/---

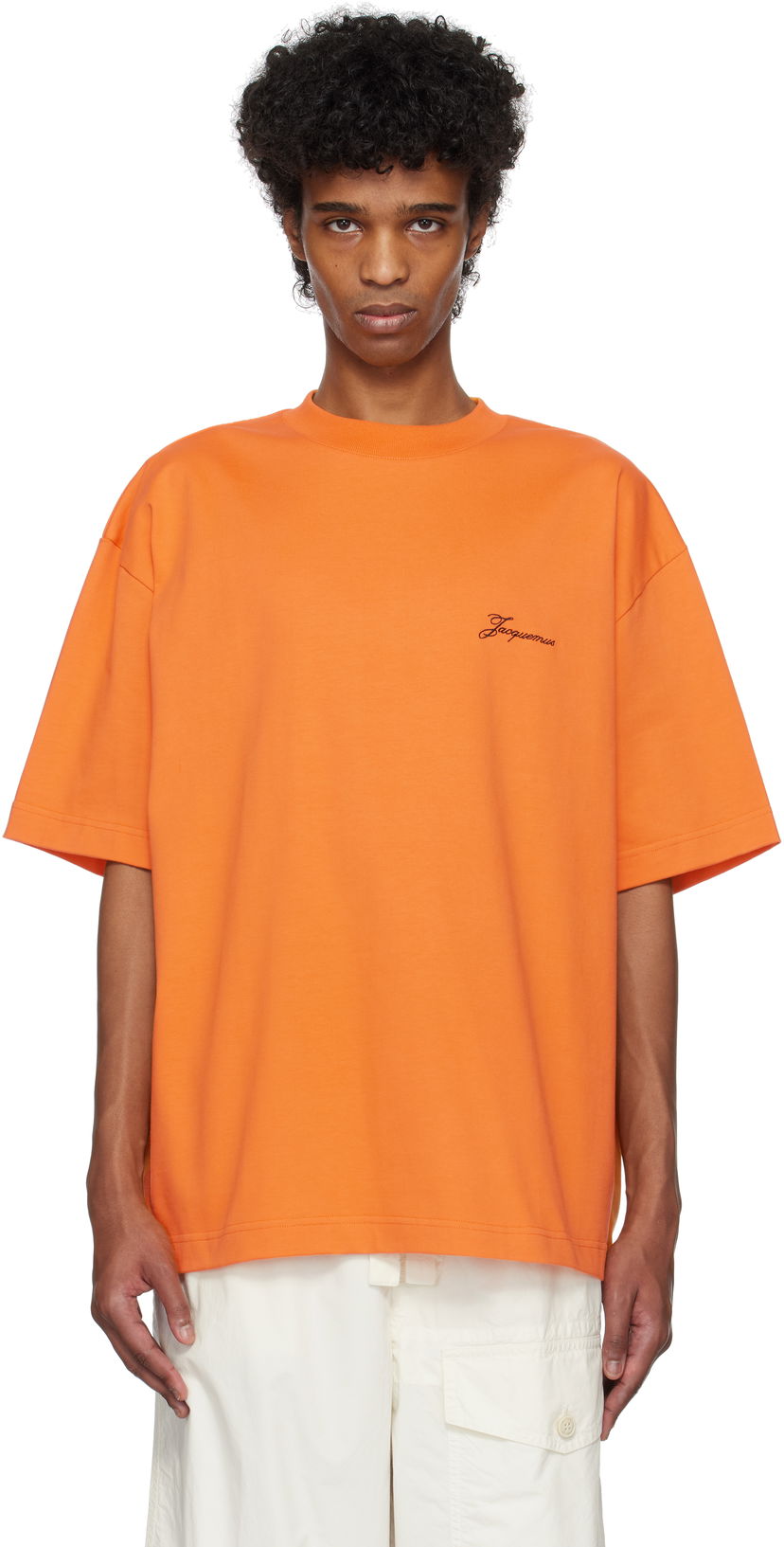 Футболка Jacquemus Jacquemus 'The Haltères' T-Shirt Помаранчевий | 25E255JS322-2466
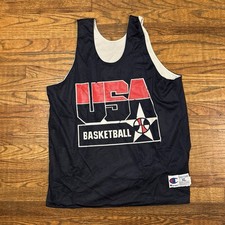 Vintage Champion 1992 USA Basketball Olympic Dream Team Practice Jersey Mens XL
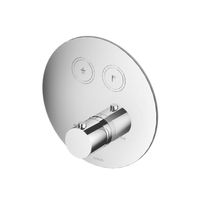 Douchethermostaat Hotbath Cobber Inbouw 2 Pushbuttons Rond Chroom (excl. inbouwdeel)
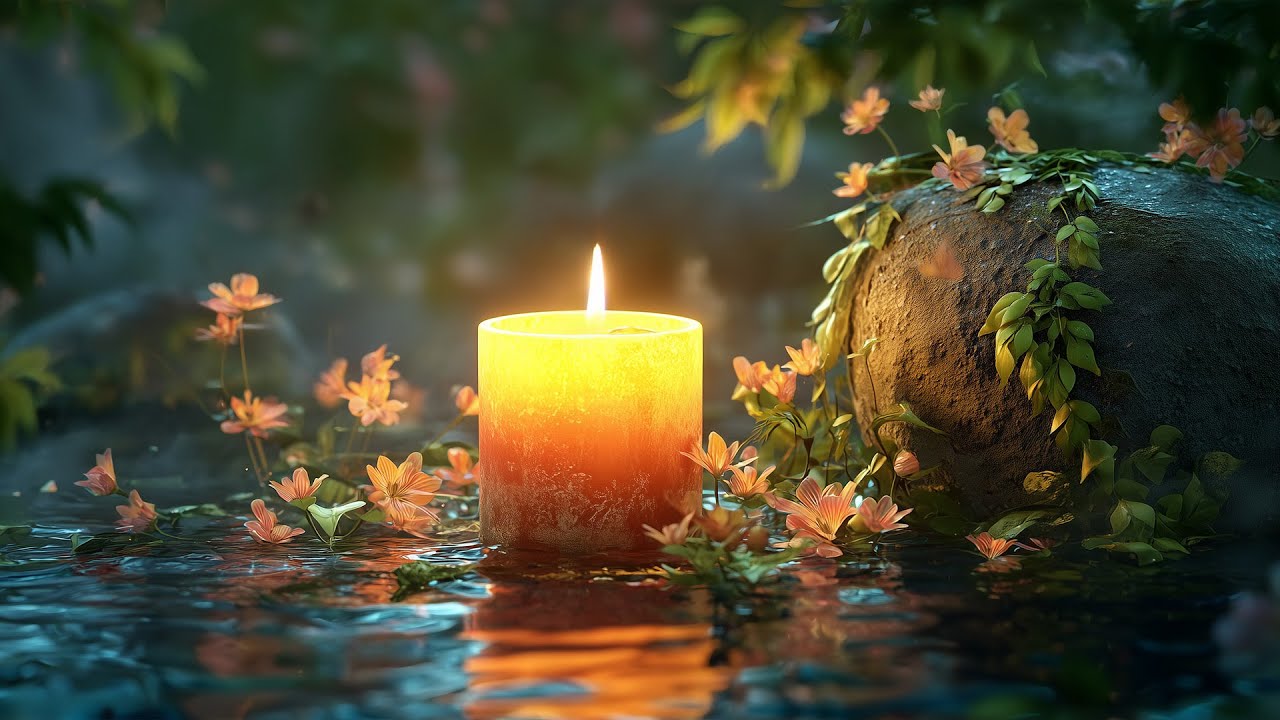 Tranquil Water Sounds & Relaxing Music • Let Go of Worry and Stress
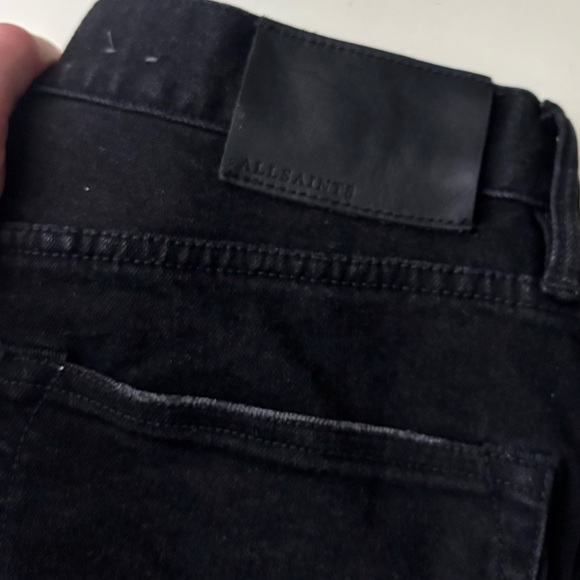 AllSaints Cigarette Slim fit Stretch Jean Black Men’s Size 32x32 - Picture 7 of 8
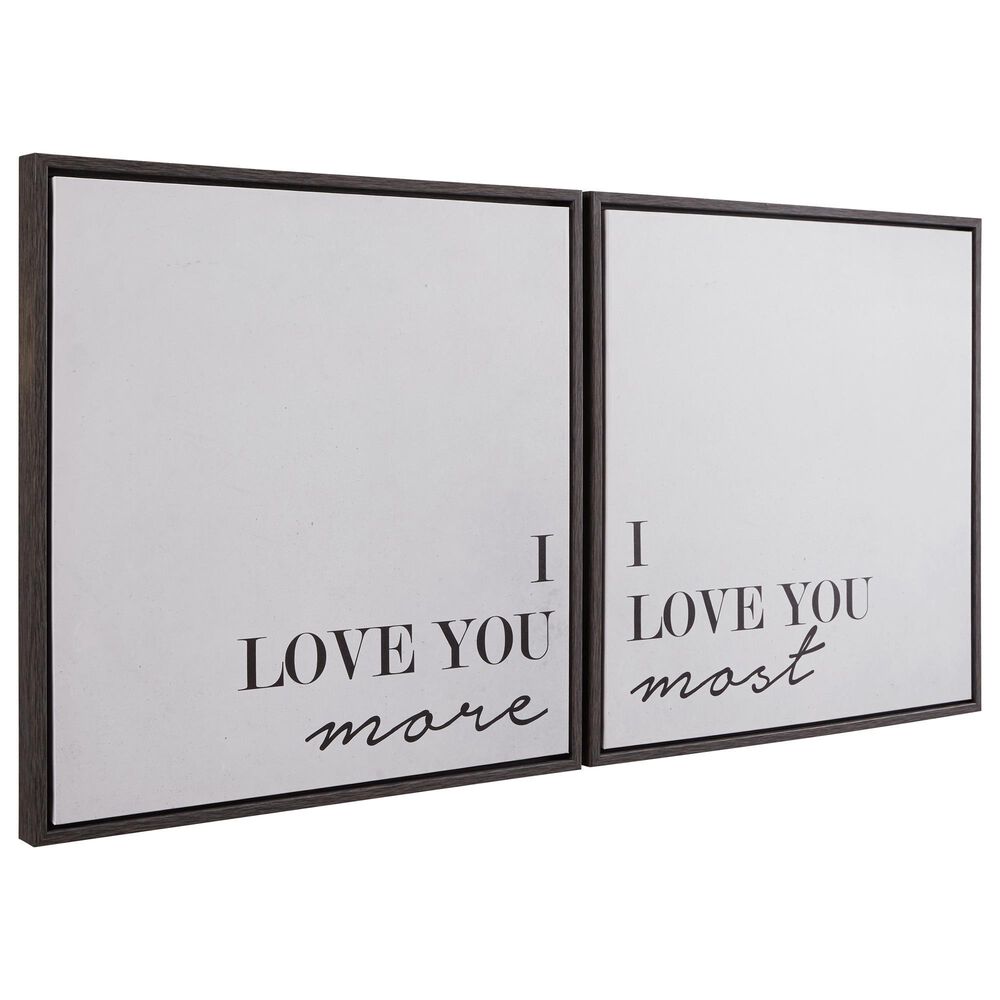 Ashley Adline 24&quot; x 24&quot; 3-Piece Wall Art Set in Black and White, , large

\---

## [WHAT IS REQUIRED]
Return word for word the lines from the beginning of the entries through the line that contains "Douchethermostaat Hotbath Cobber", both ends included, but no pictures.

## [EXPECTED ANSWER]
 Футболка Jacquemus Jacquemus 'The Haltères' T-Shirt Помаранчевий | 25E255JS322-2466
 Vintage Champion 1992 USA Basketball Olympic Dream Team Practice Jersey Mens XL
 Douchethermostaat Hotbath Cobber Inbouw 2 Pushbuttons Rond Chroom (excl. inbouwdeel)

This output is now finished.